[Collection entries]

****

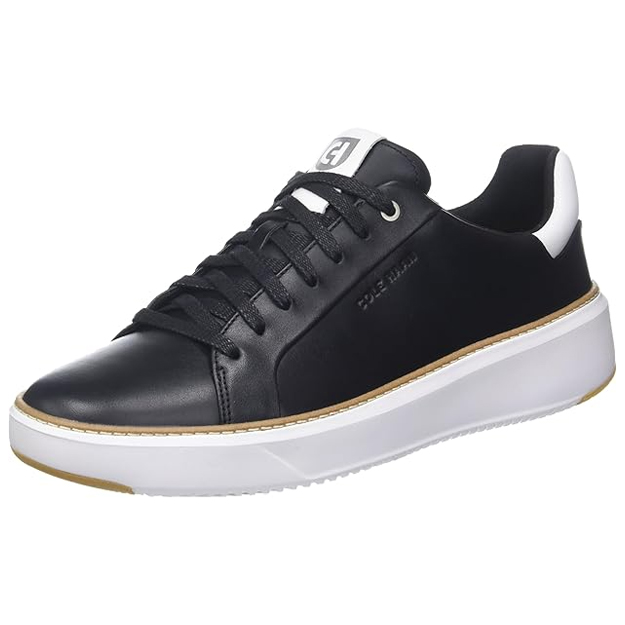 The Cole Haan Grandpro Topspin Sneaker for men features a sleek black leather upper with white detailing, lace-up closure, and a lightweight white sole. Embossed branding adds a subtle touch.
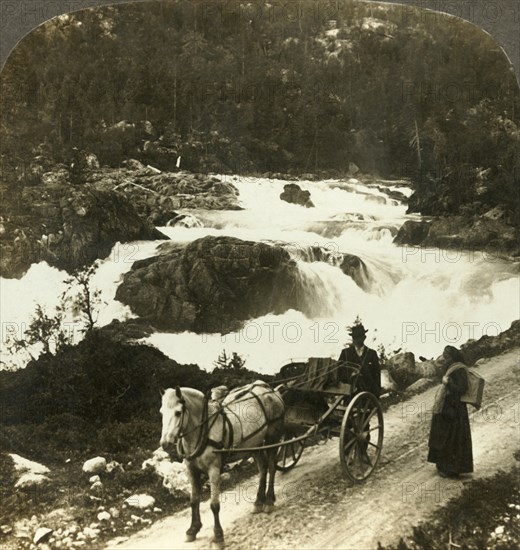 'Halt of a stolkjaerre on the Telemarken road beside the foaming Little Rjukan Falls, Norway', c1905 Creator: Unknown.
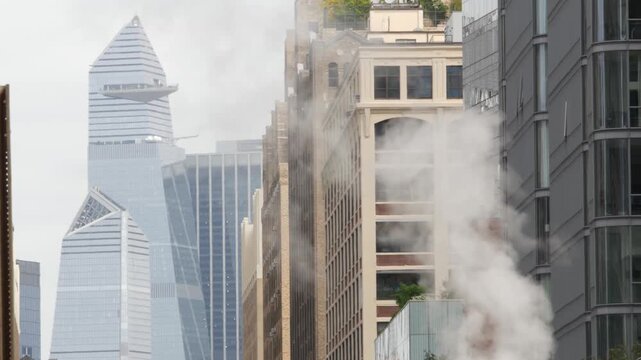 New York City Manhattan Midtown Hudson Yards district towers, United States of America. Urban skyscraper building, modern architecture in Chelsea. Cityscape from Varick street. Hot steam, vapor smoke.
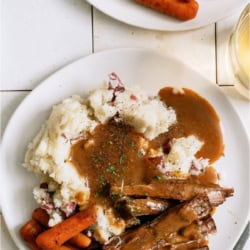 A plate of Slow Cooker Perfect Pot Roast and Homemade Gravy with mashed potatoes and carrots.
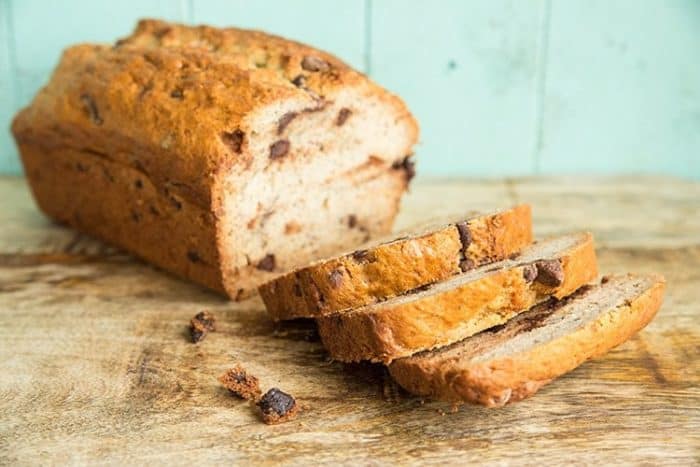 Banana Bread loaf and slices on wooden board and turquoise background
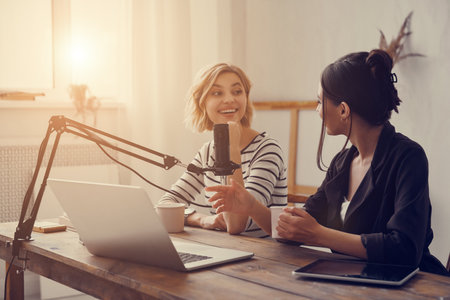 Two attractive young women communicating while providing live stream in studio togetherの写真素材
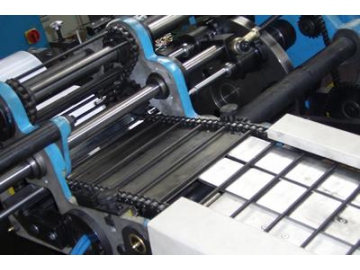 Maquina recubridora de imprimación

****

» Activity: Leave out the pictures, and give all the records again exactly.

» Written reply:
 The Cole Haan Grandpro Topspin Sneaker for men features a sleek black leather upper with white detailing, lace-up closure, and a lightweight white sole. Embossed branding adds a subtle touch.
 'Halt of a stolkjaerre on the Telemarken road beside the foaming Little Rjukan Falls, Norway', c1905 Creator: Unknown.
 New York City Manhattan Midtown Hudson Yards district towers, United States of America. Urban skyscraper building, modern architecture in Chelsea. Cityscape from Varick street. Hot steam, vapor smoke.
 A plate of Slow Cooker Perfect Pot Roast and Homemade Gravy with mashed potatoes and carrots.
 Banana Bread loaf and slices on wooden board and turquoise background
 Two attractive young women communicating while providing live stream in studio togetherの写真素材
 Maquina recubridora de imprimación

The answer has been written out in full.